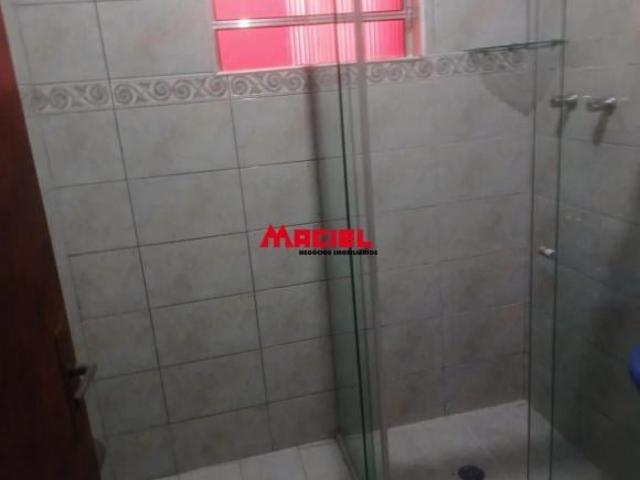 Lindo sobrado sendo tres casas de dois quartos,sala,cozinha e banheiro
★ ★ ★ ★ ★
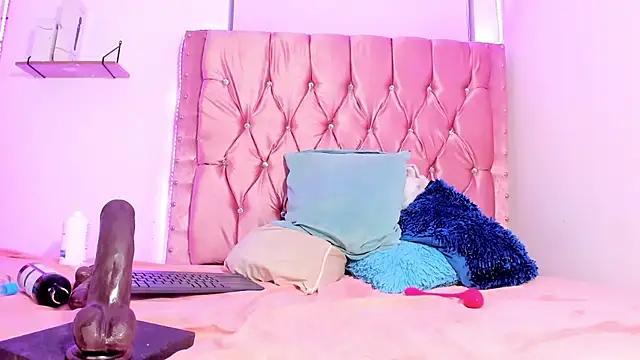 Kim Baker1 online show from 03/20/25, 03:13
★ ★ ★ ★ ★
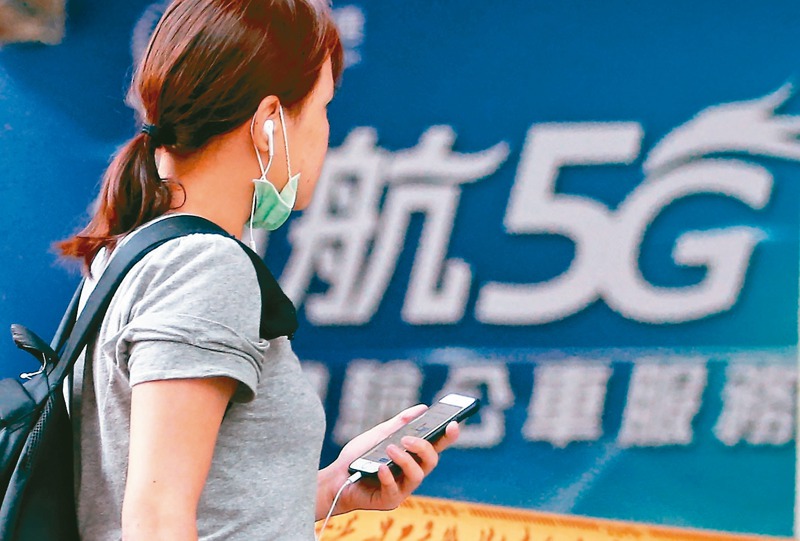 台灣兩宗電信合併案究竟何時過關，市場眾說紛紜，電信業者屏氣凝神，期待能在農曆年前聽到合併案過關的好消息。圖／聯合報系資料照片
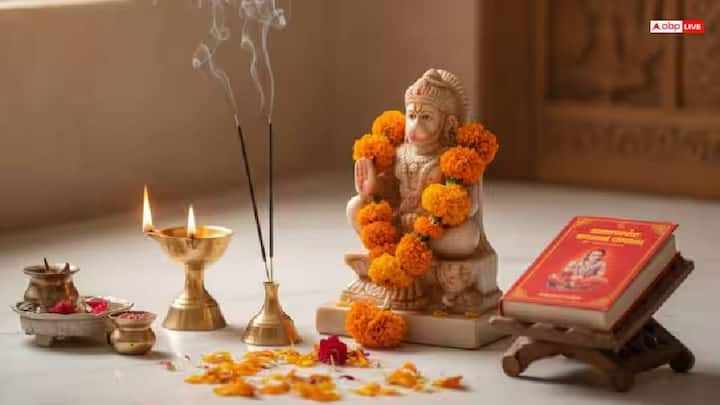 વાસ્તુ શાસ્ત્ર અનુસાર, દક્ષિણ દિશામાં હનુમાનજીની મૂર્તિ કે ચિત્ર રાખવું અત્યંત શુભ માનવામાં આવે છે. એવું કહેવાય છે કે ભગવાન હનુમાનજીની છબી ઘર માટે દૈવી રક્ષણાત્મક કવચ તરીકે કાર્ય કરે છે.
★ ★ ★ ★ ★
> [Problem]
Transcribe the lines above exactly, beginning at the one with "台灣兩宗電信合併案究竟何時過" and ending at the one with "વાસ્તુ શાસ્ત્ર અનુસાર, દક્ષિણ". Include both; exclude the pictures.

> [Exercise solution]
 台灣兩宗電信合併案究竟何時過關，市場眾說紛紜，電信業者屏氣凝神，期待能在農曆年前聽到合併案過關的好消息。圖／聯合報系資料照片
 વાસ્તુ શાસ્ત્ર અનુસાર, દક્ષિણ દિશામાં હનુમાનજીની મૂર્તિ કે ચિત્ર રાખવું અત્યંત શુભ માનવામાં આવે છે. એવું કહેવાય છે કે ભગવાન હનુમાનજીની છબી ઘર માટે દૈવી રક્ષણાત્મક કવચ તરીકે કાર્ય કરે છે.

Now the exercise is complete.